◆ **WHAT THE TASK REQUIRES**
Write out exactly the lines from the start of the entries through the one that contains "kitchen with white", including both.

<<<<

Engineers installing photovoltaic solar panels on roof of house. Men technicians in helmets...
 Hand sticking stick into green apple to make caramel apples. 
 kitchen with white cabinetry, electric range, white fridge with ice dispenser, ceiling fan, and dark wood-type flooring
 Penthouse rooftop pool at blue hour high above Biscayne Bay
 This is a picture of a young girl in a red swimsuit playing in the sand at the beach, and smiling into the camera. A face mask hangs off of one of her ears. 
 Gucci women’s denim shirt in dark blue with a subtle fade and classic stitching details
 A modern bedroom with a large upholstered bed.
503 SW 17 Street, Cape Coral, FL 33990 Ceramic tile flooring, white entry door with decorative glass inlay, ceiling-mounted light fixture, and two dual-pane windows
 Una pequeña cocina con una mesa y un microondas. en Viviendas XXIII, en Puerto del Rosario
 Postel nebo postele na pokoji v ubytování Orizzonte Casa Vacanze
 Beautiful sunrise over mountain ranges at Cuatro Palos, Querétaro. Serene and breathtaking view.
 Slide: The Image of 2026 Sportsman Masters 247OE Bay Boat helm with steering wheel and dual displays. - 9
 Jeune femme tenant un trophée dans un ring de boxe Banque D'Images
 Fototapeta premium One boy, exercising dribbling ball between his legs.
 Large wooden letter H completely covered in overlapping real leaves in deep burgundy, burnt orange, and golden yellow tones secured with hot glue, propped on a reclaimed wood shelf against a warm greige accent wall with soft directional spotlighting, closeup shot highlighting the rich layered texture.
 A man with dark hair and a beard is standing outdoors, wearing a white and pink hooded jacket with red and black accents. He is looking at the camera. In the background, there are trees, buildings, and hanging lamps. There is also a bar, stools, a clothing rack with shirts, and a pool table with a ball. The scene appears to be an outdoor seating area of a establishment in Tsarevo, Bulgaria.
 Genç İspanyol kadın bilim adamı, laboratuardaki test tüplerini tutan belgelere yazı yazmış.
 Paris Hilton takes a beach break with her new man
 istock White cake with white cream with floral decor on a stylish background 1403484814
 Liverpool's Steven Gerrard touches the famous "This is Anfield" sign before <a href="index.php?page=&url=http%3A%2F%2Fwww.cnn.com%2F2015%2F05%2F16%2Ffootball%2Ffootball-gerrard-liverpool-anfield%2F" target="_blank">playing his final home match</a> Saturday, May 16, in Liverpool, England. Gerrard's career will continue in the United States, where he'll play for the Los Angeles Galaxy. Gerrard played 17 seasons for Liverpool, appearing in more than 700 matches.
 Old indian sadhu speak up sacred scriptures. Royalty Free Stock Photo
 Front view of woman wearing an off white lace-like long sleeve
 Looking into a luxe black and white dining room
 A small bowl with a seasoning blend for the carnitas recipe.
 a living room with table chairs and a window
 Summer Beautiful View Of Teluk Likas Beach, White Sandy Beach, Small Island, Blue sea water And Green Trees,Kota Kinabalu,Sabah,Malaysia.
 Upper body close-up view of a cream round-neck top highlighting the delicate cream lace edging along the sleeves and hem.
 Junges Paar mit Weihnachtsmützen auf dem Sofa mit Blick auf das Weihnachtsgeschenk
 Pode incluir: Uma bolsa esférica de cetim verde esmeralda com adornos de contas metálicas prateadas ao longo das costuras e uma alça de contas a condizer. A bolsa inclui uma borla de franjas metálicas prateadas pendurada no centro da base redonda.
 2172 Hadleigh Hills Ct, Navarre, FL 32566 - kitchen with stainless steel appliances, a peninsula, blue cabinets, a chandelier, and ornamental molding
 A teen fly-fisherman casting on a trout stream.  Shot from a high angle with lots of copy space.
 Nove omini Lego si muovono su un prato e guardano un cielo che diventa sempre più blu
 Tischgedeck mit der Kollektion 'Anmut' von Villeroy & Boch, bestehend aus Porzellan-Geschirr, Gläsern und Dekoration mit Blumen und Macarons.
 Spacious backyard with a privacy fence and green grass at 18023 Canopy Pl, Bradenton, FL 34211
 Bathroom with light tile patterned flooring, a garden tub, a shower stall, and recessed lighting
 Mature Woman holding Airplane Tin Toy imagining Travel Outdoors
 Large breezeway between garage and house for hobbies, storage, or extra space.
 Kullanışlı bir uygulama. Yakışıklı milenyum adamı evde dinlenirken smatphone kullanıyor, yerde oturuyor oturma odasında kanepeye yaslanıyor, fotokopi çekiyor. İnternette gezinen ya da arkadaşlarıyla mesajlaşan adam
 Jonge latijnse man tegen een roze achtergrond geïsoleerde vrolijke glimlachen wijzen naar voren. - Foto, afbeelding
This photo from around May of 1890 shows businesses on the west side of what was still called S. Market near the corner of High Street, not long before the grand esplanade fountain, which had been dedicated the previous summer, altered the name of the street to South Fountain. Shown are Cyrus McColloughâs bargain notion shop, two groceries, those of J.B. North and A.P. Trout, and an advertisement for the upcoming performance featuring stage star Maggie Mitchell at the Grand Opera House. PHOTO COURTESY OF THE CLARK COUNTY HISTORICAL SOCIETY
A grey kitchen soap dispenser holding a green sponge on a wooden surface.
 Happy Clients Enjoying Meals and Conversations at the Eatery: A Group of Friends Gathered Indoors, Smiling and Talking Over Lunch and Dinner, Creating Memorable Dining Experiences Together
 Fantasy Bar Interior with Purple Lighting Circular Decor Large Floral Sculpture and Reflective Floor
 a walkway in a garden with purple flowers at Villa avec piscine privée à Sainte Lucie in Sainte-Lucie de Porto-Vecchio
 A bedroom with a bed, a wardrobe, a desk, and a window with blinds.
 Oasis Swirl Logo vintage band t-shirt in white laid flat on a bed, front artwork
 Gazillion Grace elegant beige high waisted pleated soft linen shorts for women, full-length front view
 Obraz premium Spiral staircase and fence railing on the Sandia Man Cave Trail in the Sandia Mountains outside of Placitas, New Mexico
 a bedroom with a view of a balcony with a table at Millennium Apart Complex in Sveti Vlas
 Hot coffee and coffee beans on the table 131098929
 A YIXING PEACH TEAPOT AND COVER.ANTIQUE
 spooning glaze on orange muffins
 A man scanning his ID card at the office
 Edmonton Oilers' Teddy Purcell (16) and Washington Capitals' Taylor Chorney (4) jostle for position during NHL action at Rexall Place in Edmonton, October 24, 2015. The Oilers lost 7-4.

>>>>

◆ **WORKED SOLUTION**
Engineers installing photovoltaic solar panels on roof of house. Men technicians in helmets...
 Hand sticking stick into green apple to make caramel apples. 
 kitchen with white cabinetry, electric range, white fridge with ice dispenser, ceiling fan, and dark wood-type flooring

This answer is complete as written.